- **Work request**: Give back exactly the first lines of the entries below, through the line with "Miniature Dachshund dogs".
BEGIN Source records
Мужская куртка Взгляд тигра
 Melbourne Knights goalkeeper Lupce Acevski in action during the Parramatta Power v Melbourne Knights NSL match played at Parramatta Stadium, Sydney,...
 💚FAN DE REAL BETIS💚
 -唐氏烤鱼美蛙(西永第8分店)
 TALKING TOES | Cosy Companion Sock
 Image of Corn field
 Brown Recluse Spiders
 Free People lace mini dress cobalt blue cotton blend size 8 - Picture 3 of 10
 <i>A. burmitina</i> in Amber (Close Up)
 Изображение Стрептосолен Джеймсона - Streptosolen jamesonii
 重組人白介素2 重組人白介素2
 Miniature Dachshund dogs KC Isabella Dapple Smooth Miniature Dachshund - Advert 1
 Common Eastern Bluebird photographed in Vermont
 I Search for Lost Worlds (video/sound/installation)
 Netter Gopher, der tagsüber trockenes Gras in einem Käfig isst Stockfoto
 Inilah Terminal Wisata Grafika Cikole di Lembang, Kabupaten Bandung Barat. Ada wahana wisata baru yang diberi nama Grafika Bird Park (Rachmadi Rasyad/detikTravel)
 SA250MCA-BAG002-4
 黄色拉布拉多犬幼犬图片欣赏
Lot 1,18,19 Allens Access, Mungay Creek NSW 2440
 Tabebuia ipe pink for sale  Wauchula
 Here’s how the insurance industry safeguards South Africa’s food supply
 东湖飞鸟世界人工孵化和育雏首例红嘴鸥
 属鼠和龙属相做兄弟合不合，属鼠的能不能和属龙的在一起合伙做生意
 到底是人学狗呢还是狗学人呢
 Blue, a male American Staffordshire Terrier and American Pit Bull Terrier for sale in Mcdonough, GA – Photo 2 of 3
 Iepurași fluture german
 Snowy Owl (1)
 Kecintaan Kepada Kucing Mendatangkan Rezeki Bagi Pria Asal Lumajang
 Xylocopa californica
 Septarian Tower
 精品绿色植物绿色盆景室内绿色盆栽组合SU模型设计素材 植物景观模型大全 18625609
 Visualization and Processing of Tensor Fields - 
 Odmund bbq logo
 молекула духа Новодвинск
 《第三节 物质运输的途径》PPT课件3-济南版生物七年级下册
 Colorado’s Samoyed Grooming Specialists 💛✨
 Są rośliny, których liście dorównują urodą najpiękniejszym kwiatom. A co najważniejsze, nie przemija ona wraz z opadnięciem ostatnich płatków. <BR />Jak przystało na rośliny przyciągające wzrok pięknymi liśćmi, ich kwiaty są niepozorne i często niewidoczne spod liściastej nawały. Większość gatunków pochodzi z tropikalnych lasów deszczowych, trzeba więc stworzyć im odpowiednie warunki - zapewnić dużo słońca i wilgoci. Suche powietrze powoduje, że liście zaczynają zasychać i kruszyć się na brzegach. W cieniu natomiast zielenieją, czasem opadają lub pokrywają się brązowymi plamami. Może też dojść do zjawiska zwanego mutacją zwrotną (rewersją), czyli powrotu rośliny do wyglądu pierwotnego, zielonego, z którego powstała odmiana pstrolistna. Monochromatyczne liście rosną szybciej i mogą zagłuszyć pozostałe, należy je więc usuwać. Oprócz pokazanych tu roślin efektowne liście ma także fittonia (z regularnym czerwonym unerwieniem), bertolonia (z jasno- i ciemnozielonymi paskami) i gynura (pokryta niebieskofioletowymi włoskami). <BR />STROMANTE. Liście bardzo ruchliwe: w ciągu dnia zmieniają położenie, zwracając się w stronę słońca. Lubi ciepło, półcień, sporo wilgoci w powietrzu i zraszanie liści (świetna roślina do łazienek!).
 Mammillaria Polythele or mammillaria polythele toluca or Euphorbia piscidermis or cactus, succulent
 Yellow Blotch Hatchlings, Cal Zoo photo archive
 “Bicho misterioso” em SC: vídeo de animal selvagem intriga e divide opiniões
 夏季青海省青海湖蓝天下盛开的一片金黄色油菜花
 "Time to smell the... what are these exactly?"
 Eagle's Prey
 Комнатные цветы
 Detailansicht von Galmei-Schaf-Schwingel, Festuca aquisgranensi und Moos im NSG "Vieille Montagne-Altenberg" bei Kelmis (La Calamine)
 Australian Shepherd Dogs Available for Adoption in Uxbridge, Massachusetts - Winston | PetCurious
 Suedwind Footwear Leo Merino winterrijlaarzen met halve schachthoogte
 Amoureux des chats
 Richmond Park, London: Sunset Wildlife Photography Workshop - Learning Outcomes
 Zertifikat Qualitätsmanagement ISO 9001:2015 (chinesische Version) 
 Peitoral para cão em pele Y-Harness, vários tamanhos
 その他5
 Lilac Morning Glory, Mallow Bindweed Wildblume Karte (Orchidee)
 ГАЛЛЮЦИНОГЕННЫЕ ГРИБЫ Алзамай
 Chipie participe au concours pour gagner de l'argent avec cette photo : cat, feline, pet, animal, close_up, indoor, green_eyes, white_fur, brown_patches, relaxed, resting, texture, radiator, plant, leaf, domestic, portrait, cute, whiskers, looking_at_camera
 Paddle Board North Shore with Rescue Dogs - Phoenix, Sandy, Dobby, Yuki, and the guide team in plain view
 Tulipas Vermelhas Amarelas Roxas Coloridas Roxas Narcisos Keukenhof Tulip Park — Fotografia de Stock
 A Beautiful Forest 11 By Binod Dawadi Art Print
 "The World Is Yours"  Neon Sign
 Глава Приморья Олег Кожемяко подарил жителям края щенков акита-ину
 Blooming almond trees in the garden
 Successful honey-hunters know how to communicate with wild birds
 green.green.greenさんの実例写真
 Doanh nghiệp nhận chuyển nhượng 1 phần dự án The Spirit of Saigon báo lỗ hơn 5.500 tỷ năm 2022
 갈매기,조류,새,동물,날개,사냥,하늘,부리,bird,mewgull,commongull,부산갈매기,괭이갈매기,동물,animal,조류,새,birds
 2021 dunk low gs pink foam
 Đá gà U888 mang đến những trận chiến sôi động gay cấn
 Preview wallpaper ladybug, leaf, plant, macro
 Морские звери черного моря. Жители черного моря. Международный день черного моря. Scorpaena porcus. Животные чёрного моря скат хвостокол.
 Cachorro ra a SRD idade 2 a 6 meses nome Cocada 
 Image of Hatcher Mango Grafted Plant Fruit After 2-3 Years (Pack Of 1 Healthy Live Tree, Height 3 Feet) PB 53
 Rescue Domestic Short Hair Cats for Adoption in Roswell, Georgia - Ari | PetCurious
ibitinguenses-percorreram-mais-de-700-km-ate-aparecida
END Source records
- **Task solution**:
Мужская куртка Взгляд тигра
 Melbourne Knights goalkeeper Lupce Acevski in action during the Parramatta Power v Melbourne Knights NSL match played at Parramatta Stadium, Sydney,...
 💚FAN DE REAL BETIS💚
 -唐氏烤鱼美蛙(西永第8分店)
 TALKING TOES | Cosy Companion Sock
 Image of Corn field
 Brown Recluse Spiders
 Free People lace mini dress cobalt blue cotton blend size 8 - Picture 3 of 10
 <i>A. burmitina</i> in Amber (Close Up)
 Изображение Стрептосолен Джеймсона - Streptosolen jamesonii
 重組人白介素2 重組人白介素2
 Miniature Dachshund dogs KC Isabella Dapple Smooth Miniature Dachshund - Advert 1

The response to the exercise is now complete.